Did he try to persuade him to stay?

“I did but I didn’t over-do that because it had to be Jordan’s decision,” Gerrard adds. “He’s a big boy and I didn’t want to be someone – for example if I had convinced him to stay and he felt further down [the line] that it was the wrong decision then I didn’t want to be that person who was told ‘why did you convince me to stay?’. It had to be Jordan’s decision. He needed his own time. He needed to go through his own processes. The advice I gave to Jordan was ‘do what’s right for your family’.”

Saudi players ‘hang on to every word’

Gerrard believes he, personally, has done the right thing for his family and his career. In that order. “I have made every decision in a similar way: family, football project and money third,” he says.

Gerrard certainly sounds passionate and committed to the “project” and, revealingly, says his family can now see him “smiling again”.

“I had been in Liverpool for a long time. I wanted a bit of a change,” he says. “I want to get to the end of my career and think: ‘I tried different things. I didn’t just go for safety. I didn’t stay in my comfort zone.’ I want to make decisions outside the box. I want to challenge myself. Same with my children.”

But what of the standard of football which is, clearly, far below what he is used to?

“I don’t think the guys at the top of football here want to be compared to anyone,” Gerrard states. “They want to be themselves. They are ambitious, they are passionate. They want to support the local players. The key to the chats I have with [Saudi national team coach Roberto] Mancini is they are very passionate about their own players and want them to be as competitive and strong and talented as they possibly can. There is a lot of talent in Saudi but they need to understand elite.”

Gerrard wants to take on that role. “Whatever I can do to make a difference, I will do that,” he says. “The Saudi guys I have worked with want to hang on to every word. I see that when they question Gini Wijnaldum. I don’t want to compare Saudi to the Premier League because that’s unfair and there’s a recognition here that they know they are not there. But the potential and the hunger and the passion to grow the game and be the best version of themselves I can 100 per cent guarantee that.”

‘I want to be loyal back to the people who have been loyal to me’

Listening to Gerrard talk, even adopting Ferguson’s phrase of wanting to be the “noisy neighbour” to take on the PIF clubs, it appears he is in no hurry to return to England.

“When I sign up to something I am loyal. I want to see it out,” Gerrard says. “I would like to continue to build on the work that has been done on and off the pitch so far.

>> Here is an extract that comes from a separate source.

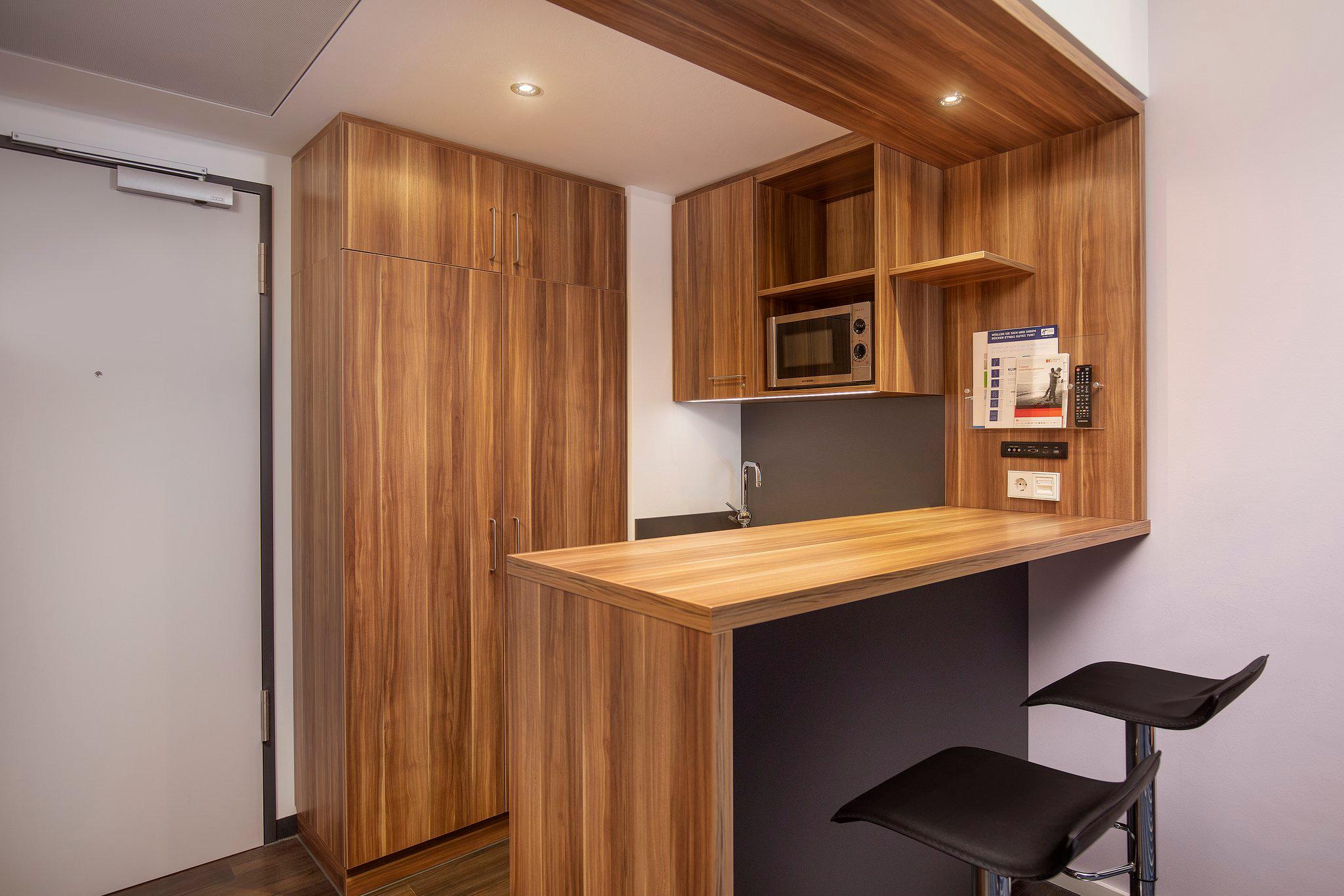 Фото Holiday Inn Express Bremen Airport, an Ihg Hotel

“I am on the pitch every single day. I am looking at other managers out here, competing against them. The league is going to continue to grow and I am in it, I am inside it.

“Now, I know what you are thinking – is it going to help me get back to where I eventually dream of getting back to? That’s for other people to decide.

“But I went for job interviews at the time, came close to a couple of jobs, and I didn’t want the period of being out of the game to be too long – not to be forgotten about because I know who I am without ‘blowing smoke’. But I was keen to get back on the grass, the fire came and this was a project where I could get a fair chance to make a difference and make a change.

“People have a perception of Saudi and this league and a lot of opinions on it, which they are allowed to have. But my advice is – don’t guess at that opinion, come and see it for yourself. I have had a really positive, enjoyable experience so far. It has been really challenging professionally – on and off the pitch.

“But I am enjoying my life. I want to give it the best shot I can give. I want to be loyal back to the people who have been loyal to me and I want to make a difference here in a positive way.

“I am still ambitious and hungry to be the best I can in my coaching career. So, will I coach elsewhere after this? Yes, I will. I am young. I have had success. I have had a knock. I am in the process of trying to recover from that while being in an environment where I can do a good job.”